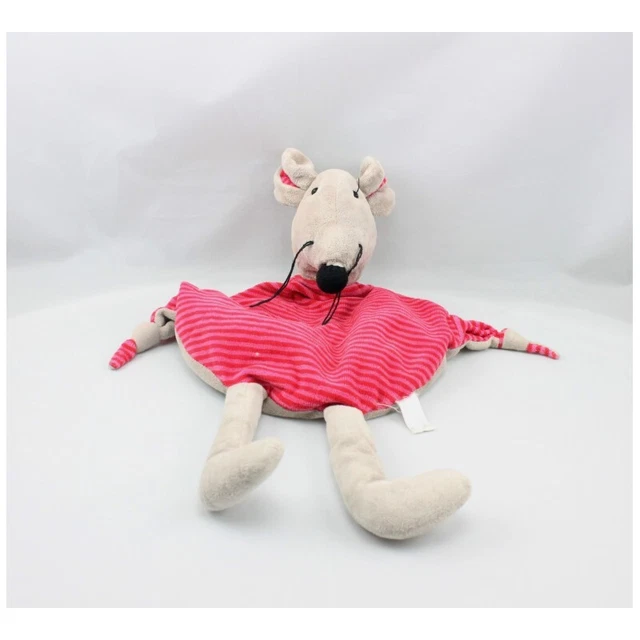 Doudou plat souris grise rose rayé DEKODO - 16326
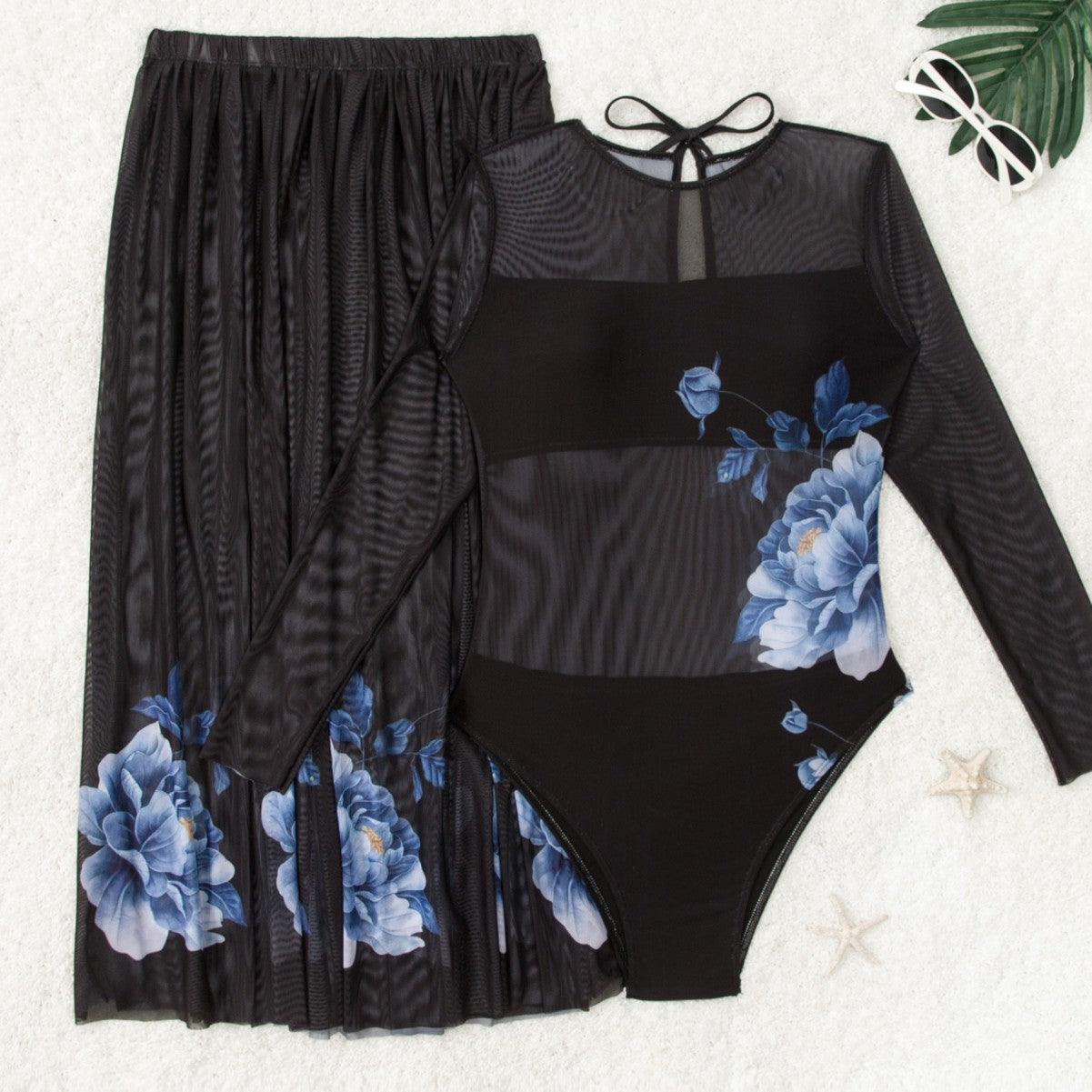 Dame Elegant Badedragt med lang arm og floral nederdel Stilla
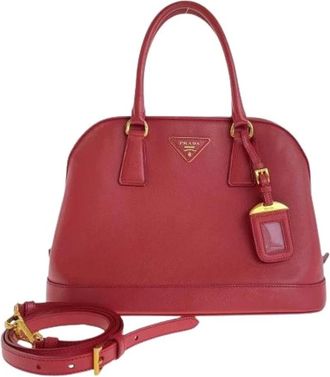 Prada Pre-owned Handbags, female, Red, Size: ONE SIZE Pre-owned Saffiano Leather 2Way Handbag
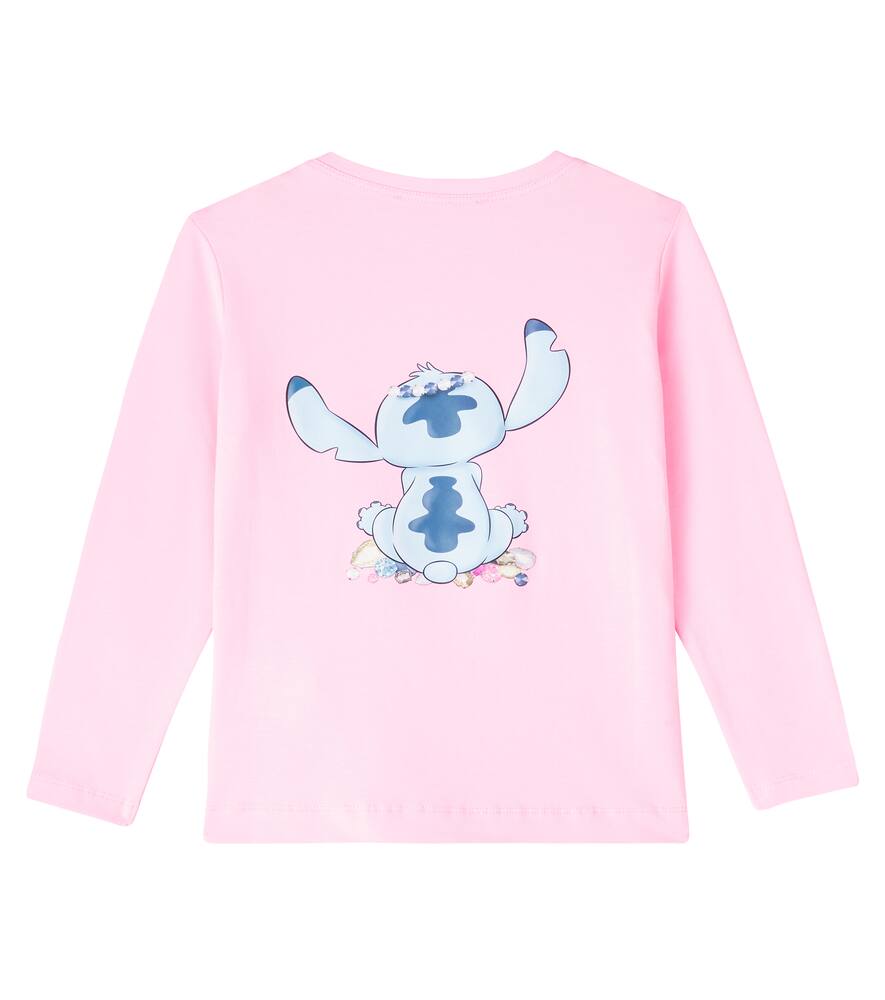 Топ из хлопкового джерси Disney Stitch Monnalisa, Rosa Fairytale — фото 4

## Try it
Print the whole listing exactly, please, and keep any images out of it.

## Exercise result
 Doudou plat souris grise rose rayé DEKODO - 16326
 Dame Elegant Badedragt med lang arm og floral nederdel Stilla
 Prada Pre-owned Handbags, female, Red, Size: ONE SIZE Pre-owned Saffiano Leather 2Way Handbag
 Топ из хлопкового джерси Disney Stitch Monnalisa, Rosa Fairytale — фото 4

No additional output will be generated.